First, I know approximately what I’m going to pay at the checkout. This is critical if I have limited dollars. I’m perfectly willing to put things back if I can’t afford them. A limited budget means I have to prioritize what I need the most, with the wants (like, *sigh*, mint Oreos) being left behind.

Secondly, if the cash register amount is way off, then I know that there is a mistake. As I’ve gotten better at this, the mistake nearly always turns out to be on the part of the grocery store cash register. Not every item is correctly rung up at the marked price. Not every coupon gets taken off like it should.

So after paying, I pause before leaving alongside the canned artificial baby milk display counter (formula is primarily made from discarded whey from the cheese industry with added vitamins) and I go over my receipt, item by item. This takes me about five minutes as I know what I bought and I know, thanks to writing down the prices, about what I paid for each item. I know what coupons I gave to the cashier. If there is a mistake, and there often is one, I get it fixed right away at the service counter.

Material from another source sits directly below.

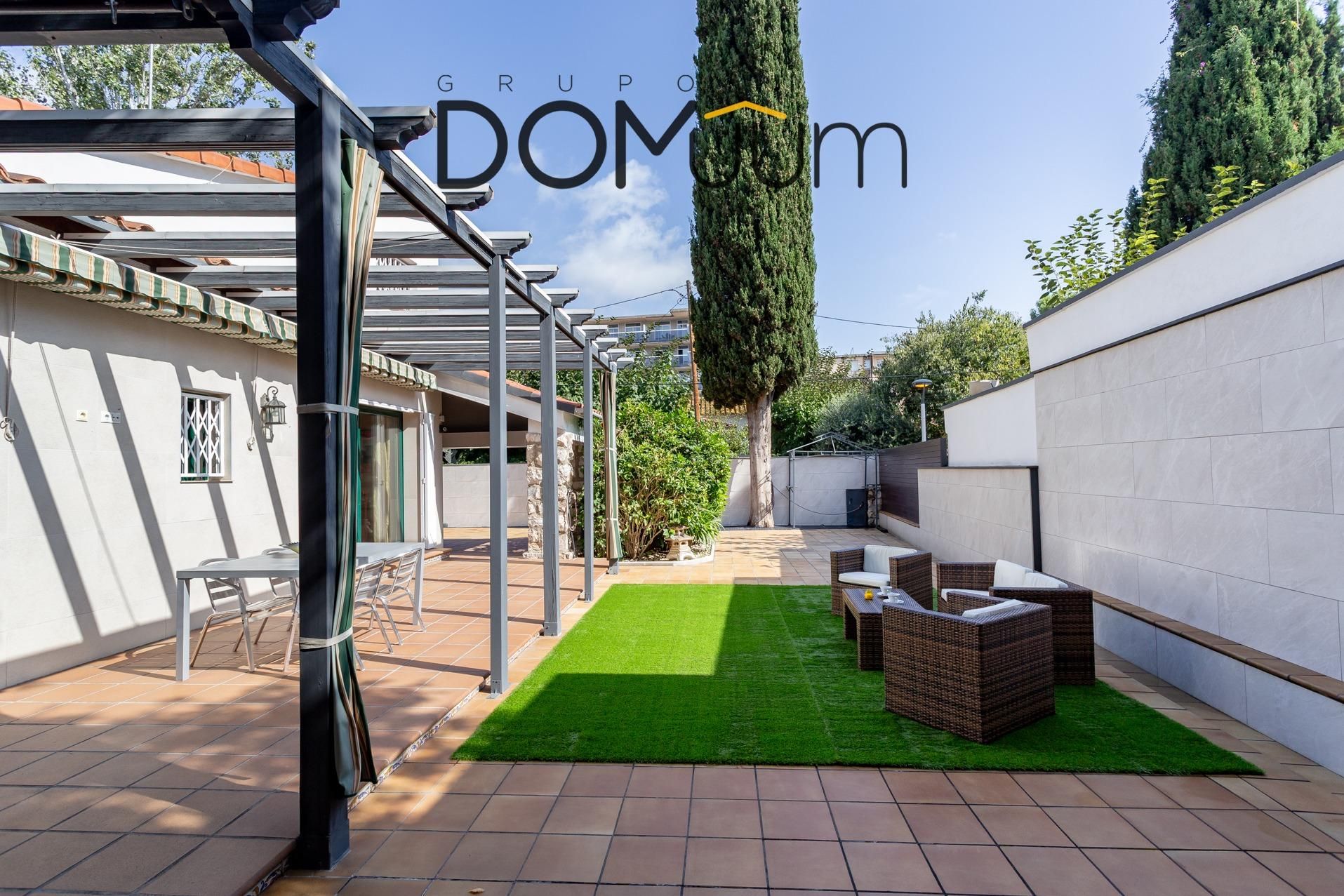 Terrace of House or chalet for sale in Salou  with Air Conditioner, Heating and Private garden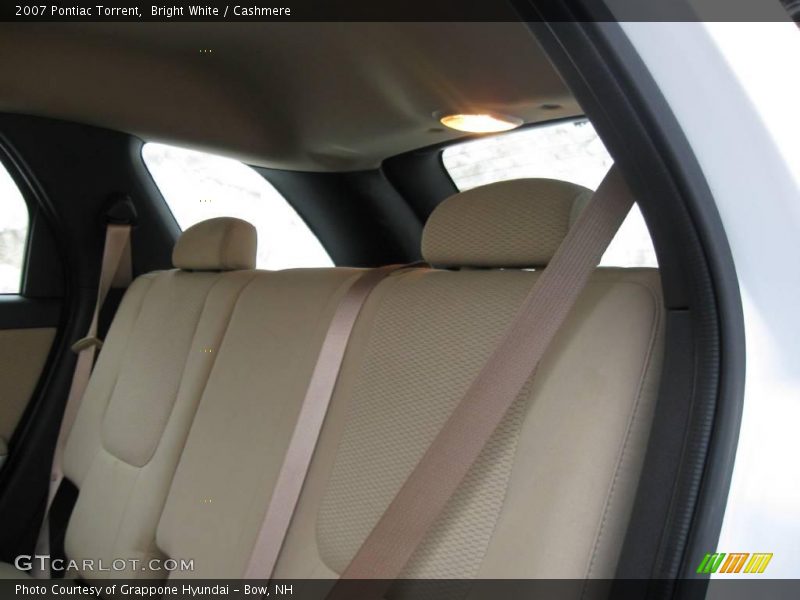 Bright White / Cashmere 2007 Pontiac Torrent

Face it, if the cash register refused to ring up the 50-cents off coupon on any CareOne product (which happened to me recently), you are the only person who cares. And if you don’t get it fixed, while it is fresh in your mind and you have the receipt handy, you never will. You won’t remember to bring back the receipt the next time you shop. So I spend five minutes at the end of each shopping trip going over my receipt. Over the years, it has paid off in cash. I can prove my claim with the receipt and the service desk clerk has never, ever had a problem with giving me the money.

So pay attention when your groceries are being rung up! Now is not the time to get distracted. The cashiers don’t intend to make mistakes. In fact, it is very rarely the cashier’s fault unless she rings up an item twice. It is the computerized cash register system that is automatically making the error because the item’s price wasn’t entered correctly back at corporate. The cash register can only charge the price it was programmed with. With 50,000 items in a standard supermarket, it is a wonder that more things don’t get rung up wrong at the checkout.

So that’s how to maximize your food dollar at the grocery store: use the Pantry Principle, learn the store’s policies, read the ads, develop a price book, and stand up (politely!) when you’re being overcharged.